The attacks take advantage of opportunities created by the fragmentation of the Android operating system and the openness and vastness of its eco-system, creating opportunities for attackers to infiltrate devices and orchestrate a broad range of attacks.
Fake iOS certificates
These attacks use distribution certificates to ‘side-load’ an application, sidestepping Apple’s app store validation process by downloading straight onto the device. This method has already been seen in use, for example in mid-2013 a rogue Chinese site used an enterprise certificate to distribute pirated iOS-based apps, enabling attackers wide ranging access to data on Apple devices.
Malicious iOS profiles
These attacks use the permissions of a profile to circumvent typical security mechanisms, enabling an attacker to do almost anything. A user may be tricked into downloading a malicious profile and in doing so, they may unknowingly provide the rogue configuration the ability to re-route all traffic from the mobile device to an attacker-controlled server, to further install rogue apps, and even to decrypt communications.

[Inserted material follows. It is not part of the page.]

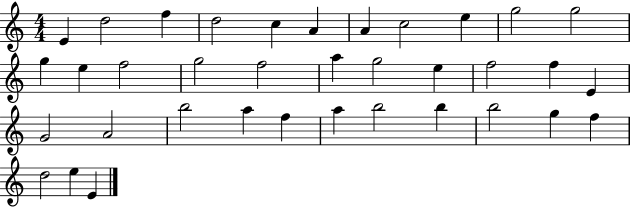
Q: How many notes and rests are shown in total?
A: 36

iOS WebKit vulnerabilities
WebKits enable web browsers to render web pages correctly for a user. Attackers will exploit vulnerabilities in a Webkit to execute scripts of their own, sidestepping the robust security measures implemented by Apple. Attackers commonly use them as a springboard for remote device infection.
With attackers targeting mobile devices using such an arsenal of techniques, it is critical that organisations ensure they have a mobile threat prevention solution in place that delivers a range of capabilities and protections in order to stop device hijacking and data interception.
The ideal solution should be able to analyse apps as they are downloaded to devices, examining their behaviour in a virtualised environment before allowing their use, or flagging them as malicious, regularly assess devices for vulnerabilities and signs of being targeted by attackers, and mitigate network-based attacks by identifying suspicious network behaviour, correlating events both on the device and network to disable suspicious activity and prevent any data being sent to an attacker.
As mobile becomes the next security battleground, organisations will need to adopt the same rigorous approaches to protecting their mobile estate as they do to the rest of their IT infrastructure – or risk being vulnerable to the weapons of mobile warfare.